- _DATA EXTRACT_:
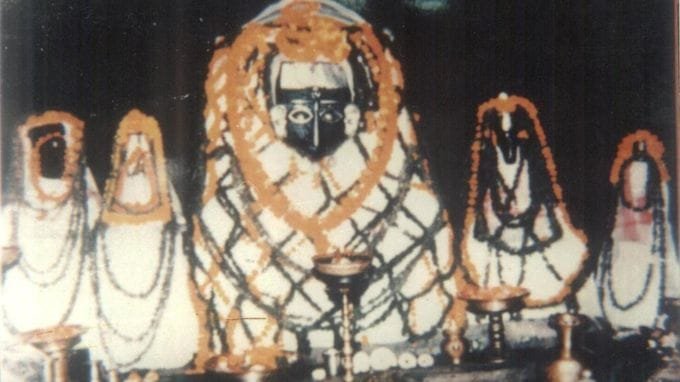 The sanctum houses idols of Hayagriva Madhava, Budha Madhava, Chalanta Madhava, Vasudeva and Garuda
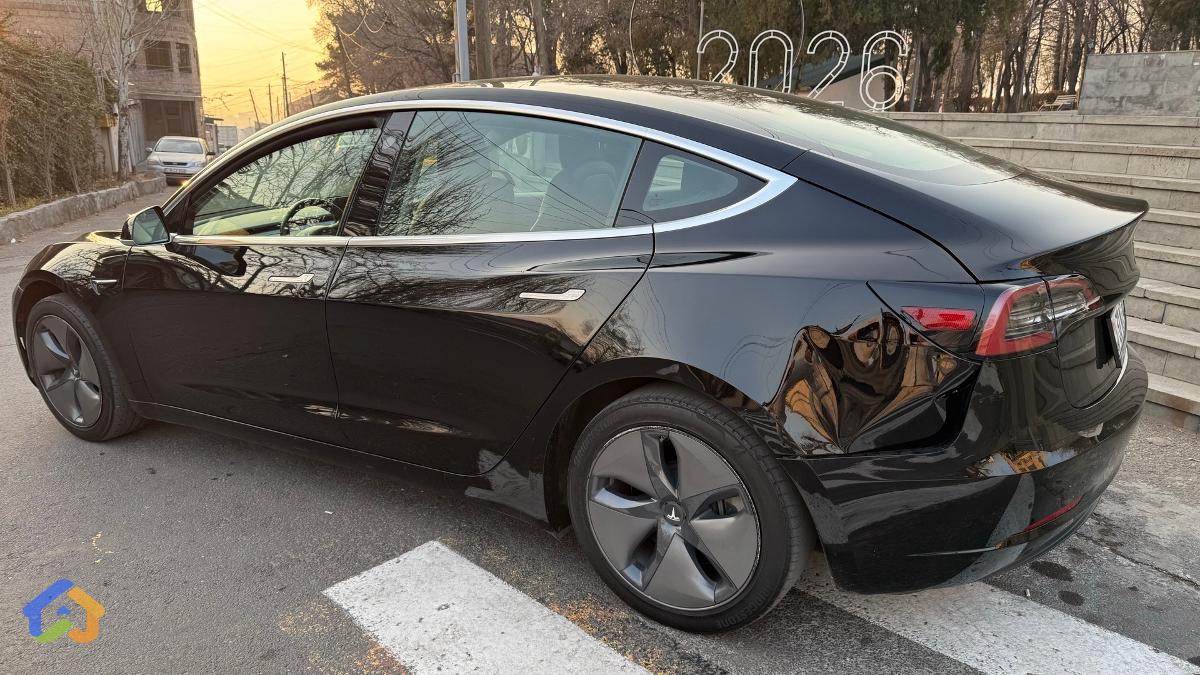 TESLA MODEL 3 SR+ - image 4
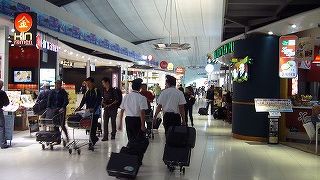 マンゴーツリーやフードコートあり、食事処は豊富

- _ASSIGNED TASK_:
Omitting all images, print the listing exactly.

- _OUTPUT FOR THIS EXERCISE_:
 The sanctum houses idols of Hayagriva Madhava, Budha Madhava, Chalanta Madhava, Vasudeva and Garuda
 TESLA MODEL 3 SR+ - image 4
 マンゴーツリーやフードコートあり、食事処は豊富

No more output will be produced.